Adrian C.H. Lai, S.N. Chan, J.W. Er, A.W.K. Law, Eric Adams
Wednesday 1 july 2015
12:00 - 12:15h at Antarctica (level 0)
Themes: (T) Special session, (ST) Marine outfall system
Parallel session: 9D. Special Session: Marine Outfall System
Spreading rate is an important parameter in predicting the particle plume mixing characteristics. Different from a single-phase plume in which its spreading rate is a constant, the spreading of particle plume varies with a number of dependent variables. In this study, we performed gravity-driven particle plume experiments in quiescent ambient to study the effects of particle size on the plume spreading rate.
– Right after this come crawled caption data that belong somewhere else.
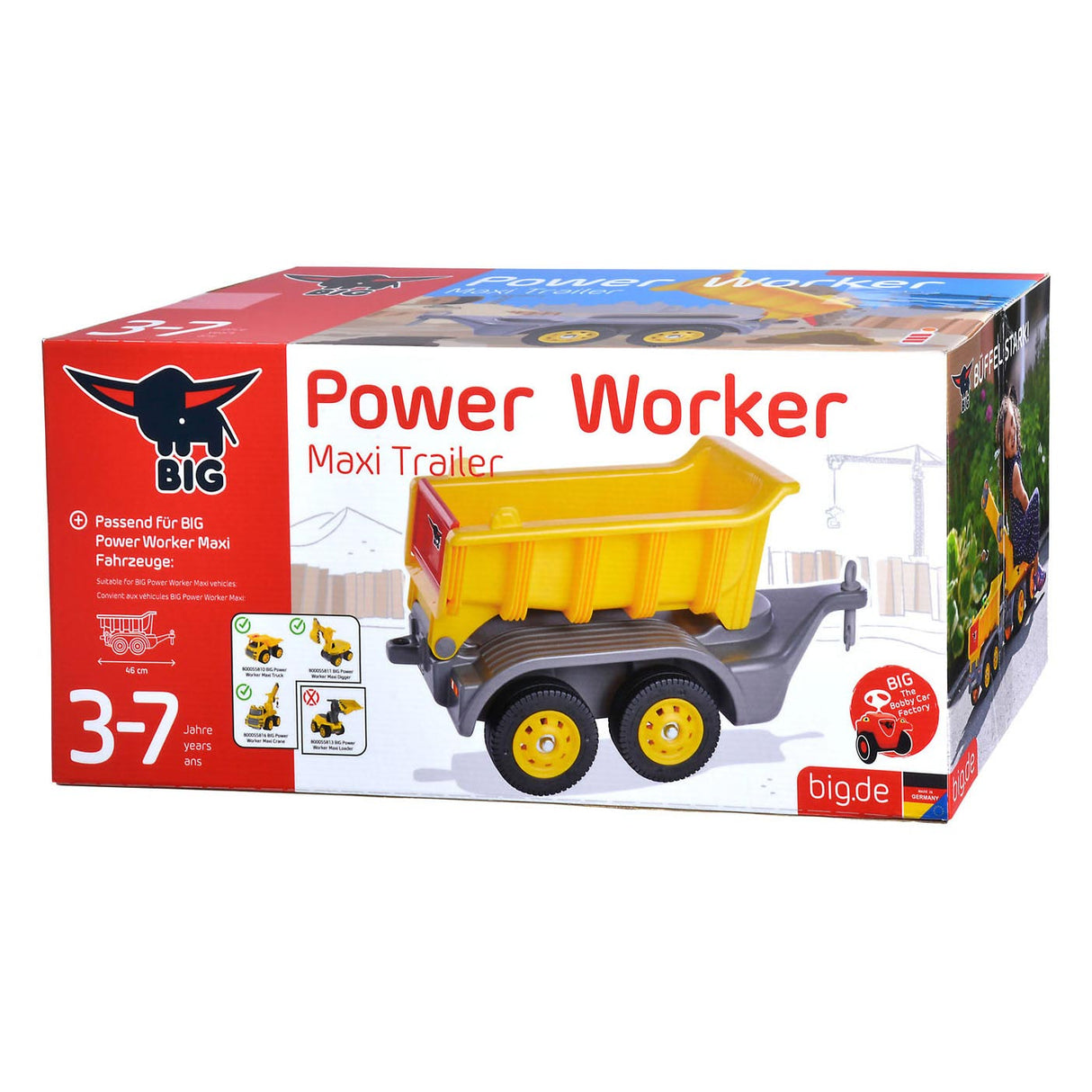 Big power worker maxi trailer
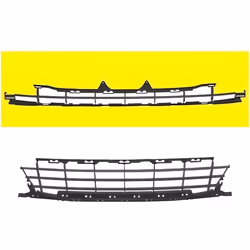 GRILLE DE PARE-CHOC AVANT >09  SPORT SUPERIEUR NOIR pour PEUGEOT - 207 - 3P-5P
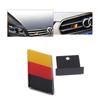 Car German Flag Grille Emblems Badge Front Grill Badge Universal Aluminum Alloy Bumper Sticker for Benz Golf VW Volkswagen AudiKD0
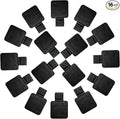 16PCS Notebook Pen Loop Holder,Self Adhesive Leather Pen Holder for notebook,Pencil Elastic Loop Designed for Notebooks,Journals,Calendars,Planners,Tablet Case for School,Office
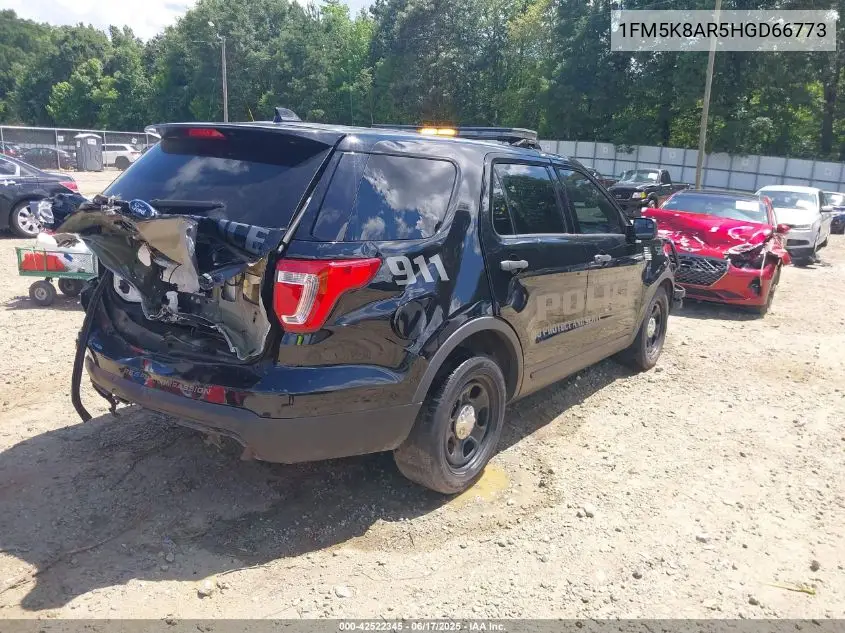 2017 Ford Police Interceptor VIN: 1FM5K8AR5HGD66773 Lot: 42522345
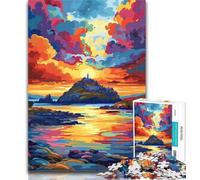Jigsaw Puzzles for Adults 1000 Castle at Sunset 1000 Pieces for Teenagers,Educational Stress Relief Toy Gifts for Friends And Family 50x75cm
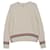 Thom Browne Ivory Kabelstrick-Wollpullover Weiß  - Ansicht 1
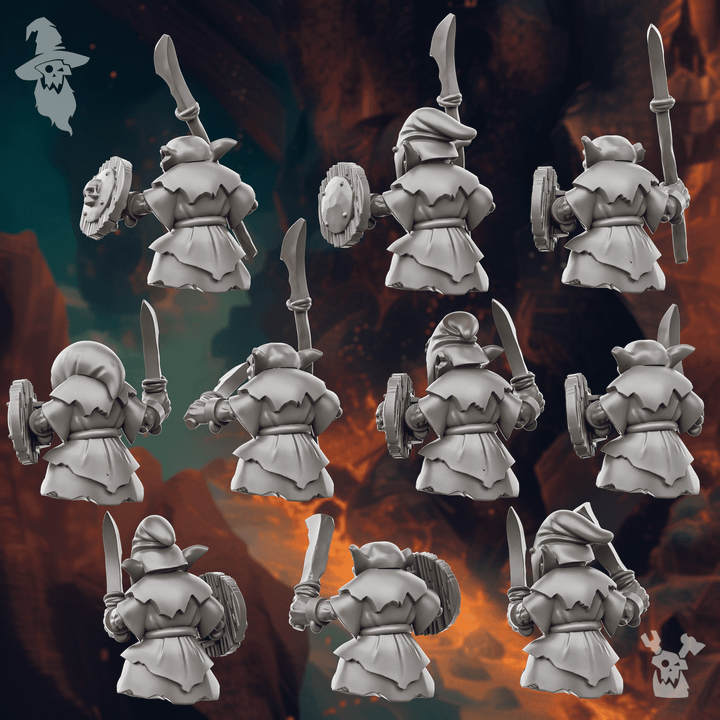 Gobz Slaves (Build Kit & pre-assembled) by DakkaDakka - image 1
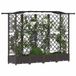 vidaXL Verhoogde plantenbak met klimrek en dak, bruin, 203,5 x 40 x 123 cm, PP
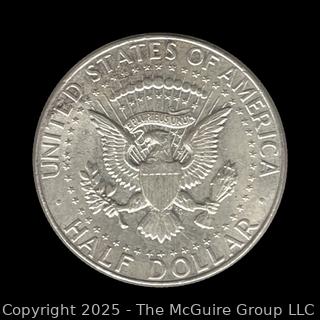1964 US Kennedy Half Dollar Silver 50 Cent Coin 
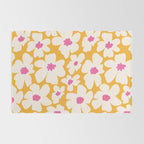 Retro Daisy - Yellow, Pink and White Rug Gallery Image 2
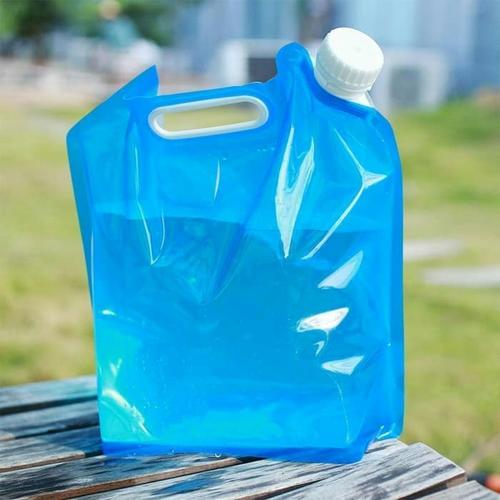 Foto Produk Jirigen Lipat Kantong Air 10 Liter Portable Water Camping Storage dari Rajawali Adventure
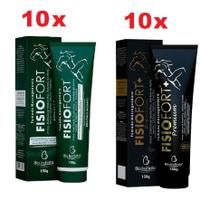 Atacado Revenda 10 Pomada FisioFort 150g + 10 FisioFort Premium 150g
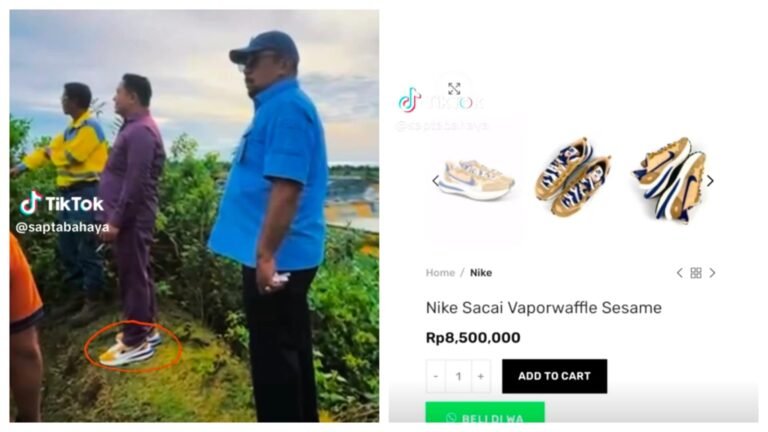 Sindir Gaya Hidup Mewah Pejabat, Konten Kreator Sapta Bahaya Soroti Sepatu Wakil Bupati Seharga Rp8,5 Juta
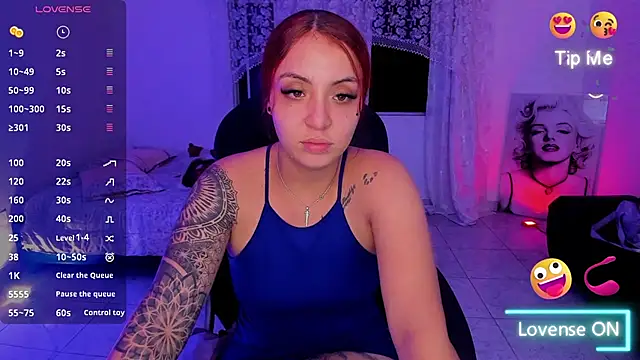 Snapshot of KetziaDoll chatting on February 16, 4:11 am KetziaDoll online show from February 16, 4:11 am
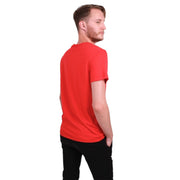 Back view of Gant red T-Shirt for men – classic crew neck and solid red color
A particle plume was generated by releasing particles of density 2500 kg/m3 by gravity from a submerged hourglass in a water tank; particle size ranged 0.120 mm – 0.725 mm. The resulting plume spreading rate was measured and found to be significantly dependent on particle size. To predict the spreading rate, a two-phase integral model is proposed using a new spreading hypothesis accounting for the particle settling velocity; coupling between the solid and fluid phase is achieved by considering the drag forces acting on the particles by the fluid. The model predictions were in good agreement with observation, suggesting the key physics of this complicated flow has been well captured.